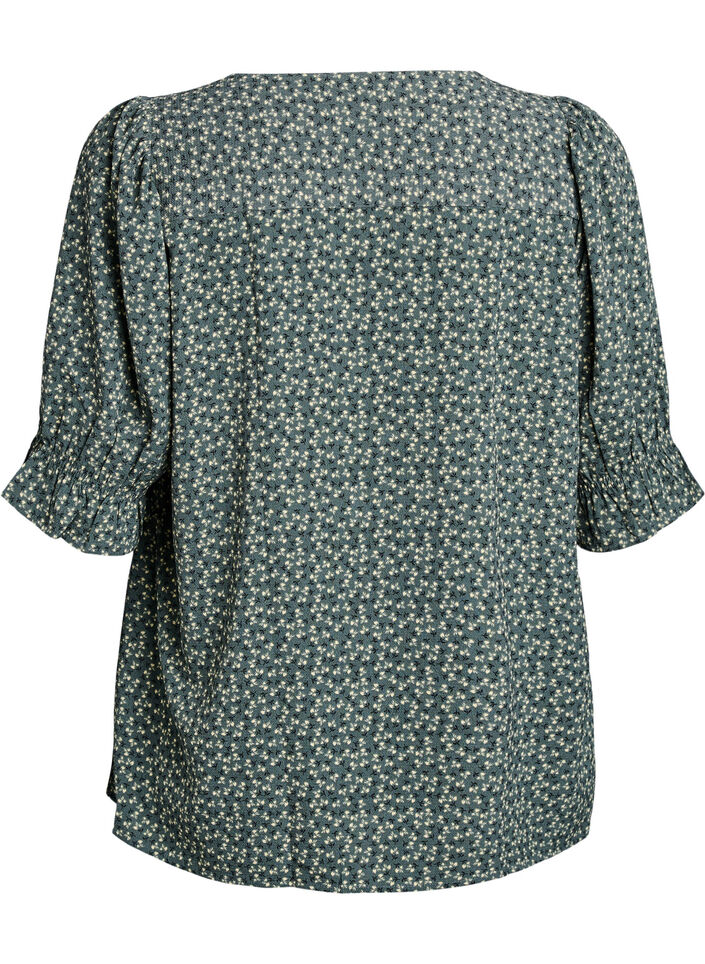 Skjortebluse med 1/2 ermer, Gr&oslash;nn, Packshot image number 1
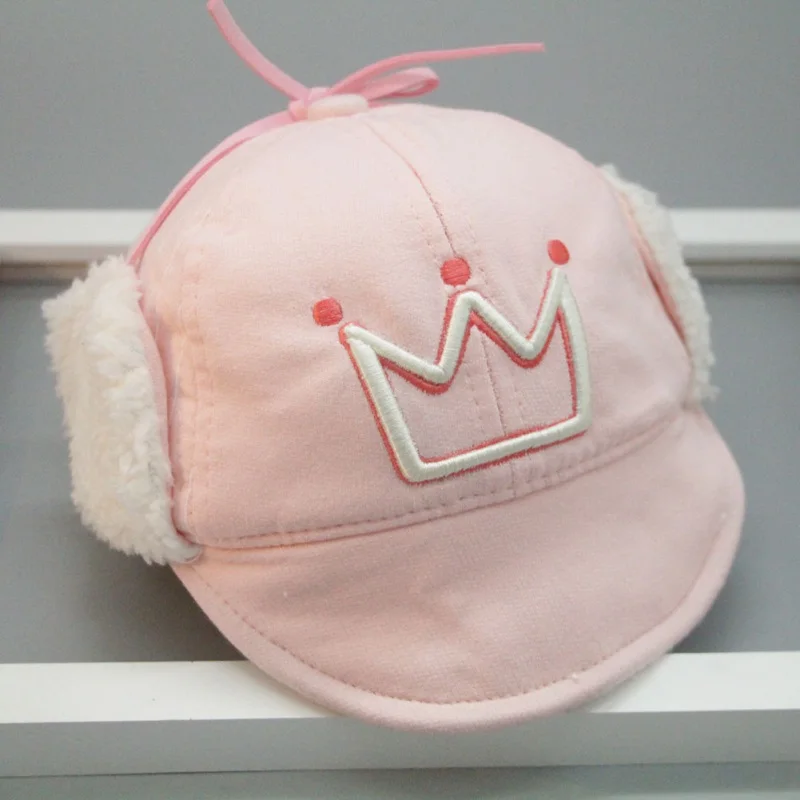 

Bobora Baby Hats Crown Pattern Children Autumn Winter boy warm hat girl earmuffs baby thickening plush cap kids beanies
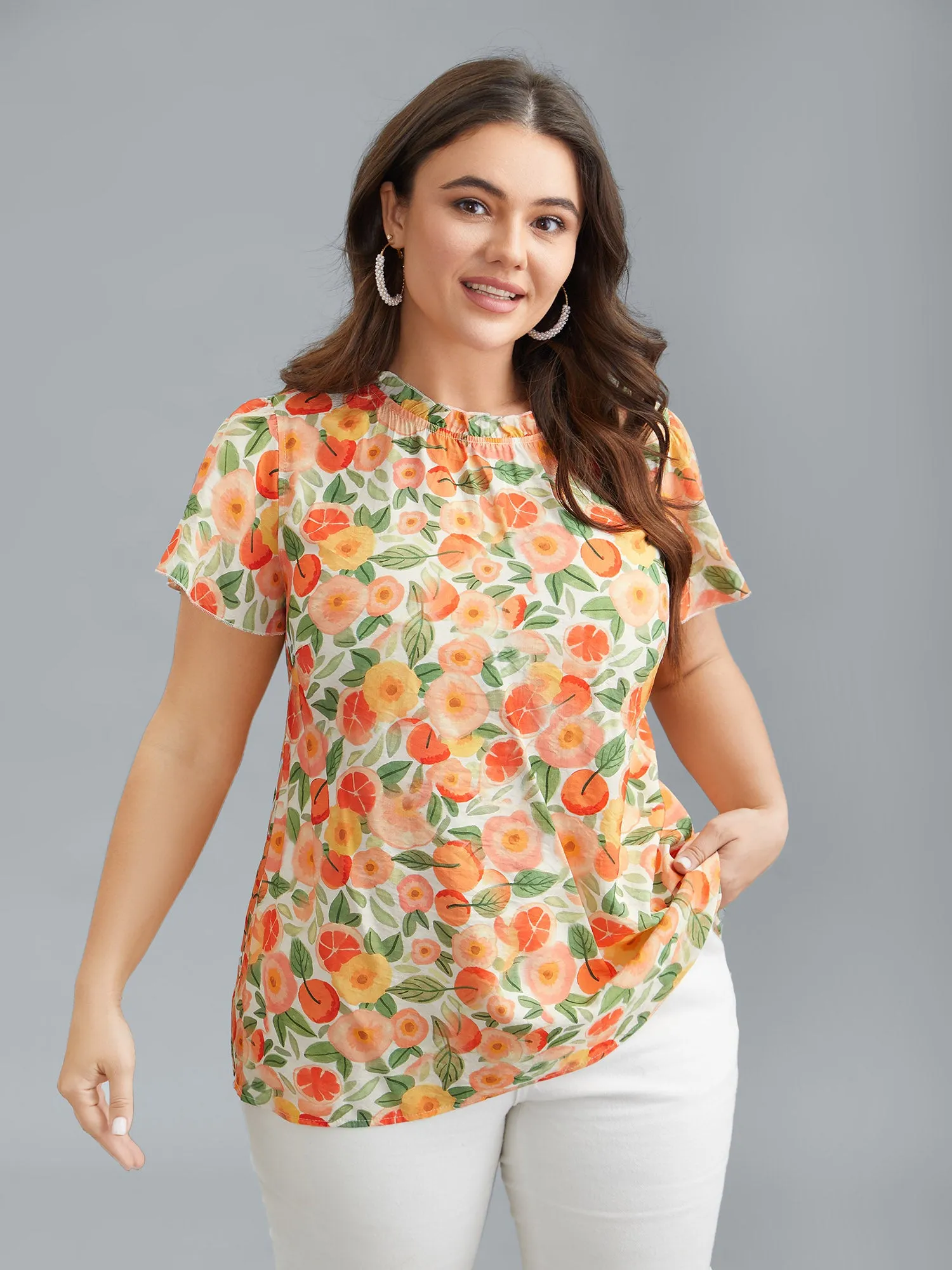 Vacation Print Ruffled Fitted Shirt sold by Bloomchic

> **PROBLEM REQUIREMENTS**
When you copy the lines above, drop the pictures and keep everything else exact.

> **RESULT OF THIS EXERCISE**
 Skjortebluse med 1/2 ermer, Gr&oslash;nn, Packshot image number 1

Bobora Baby Hats Crown Pattern Children Autumn Winter boy warm hat girl earmuffs baby thickening plush cap kids beanies
 Vacation Print Ruffled Fitted Shirt sold by Bloomchic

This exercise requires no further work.